Now that every conference and event manager is trying belatedly to create virtual events, we are seeing the same tired ideas being dredged up. In their haste to apply what they know about physical B2B events to the virtual realm, event managers risk alienating their audiences.

All too often, event managers try to replicate the physical experience on a computer screen. It starts with "words of welcome" from the CEO or a sponsor, through to scripted and heavily edited recordings by presenters who are terrified of going live. What might have looked nice on the big screen of a conference centre is just wholly unsuited for a virtual event. It won't work. There's a good reason why we don't see 10 minutes of recorded fluff at the open of "Last Week Tonight" with John Oliver.

Another so-called innovation is virtual events that pretend to be in-person ones. Some platforms attempt to replicate the on-location experience with gimmicky virtual registration areas, networking areas, booths and even Mindcraft-like avatars. There's a lot of hype around these. But my view is once delegates are over the initial "ooh" and "aah", expectations of the two types of events are just too different to gain widespread user acceptance.

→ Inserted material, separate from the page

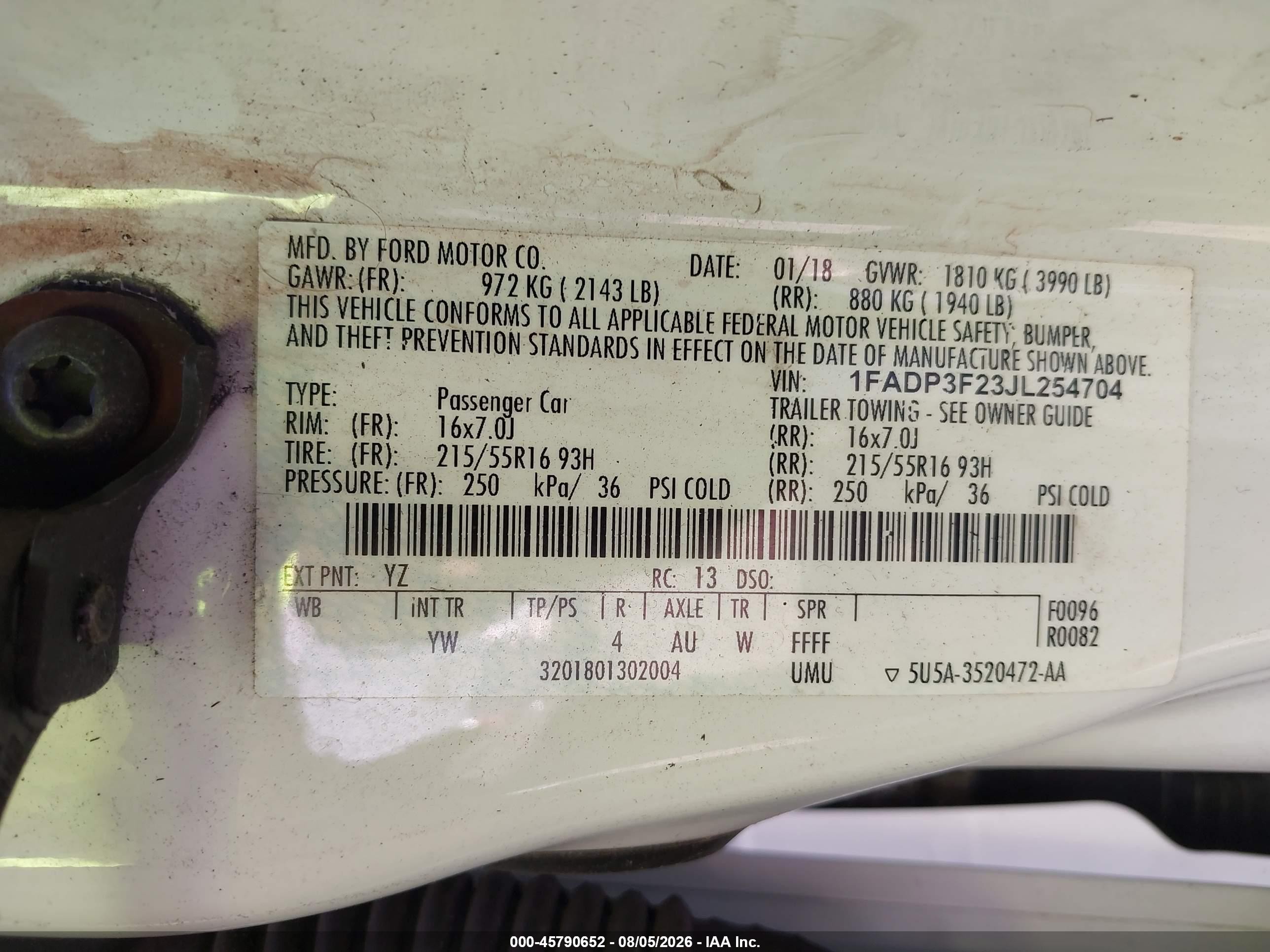 2018 Ford Focus Se White vin: 1FADP3F23JL254704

Cast your mind back when you used to attend conferences in person. You would wear your business attire, travel to the venue and register. After being handed your conference badge and information kit, you would swan around the networking area for 20 minutes, drinking the free coffee and meeting new contacts. Your day at the conference was a mix of presentations, panels, networking, refreshments, Q&A, and downtime responding to emails and messages back in the office. You usually met people in chance encounters at the lunch buffet, or through introductions by existing acquaintances. You would leave at the end of the day enriched with content and contacts. Unless you gave a keynote presentation, for delegates it was a largely lean-back experience.

But virtual events are entirely different. You can log in in your pyjamas moments before the first webcast presentation starts. No networking, no new contacts, no serendipitous encounters at a lunch buffet, no free coffee. You end the day rubbing your eyes from too much screen time, having leaned in all day. You got a firehose worth of content, but few if any new contacts.

This underscores why event managers really need to start from scratch when conceptualising virtual events. In-person conferences just don't translate into what in essence are television programs. Event managers would be better off creating a new format than trying to squeeze television onto a conference stage, or conference stages onto television.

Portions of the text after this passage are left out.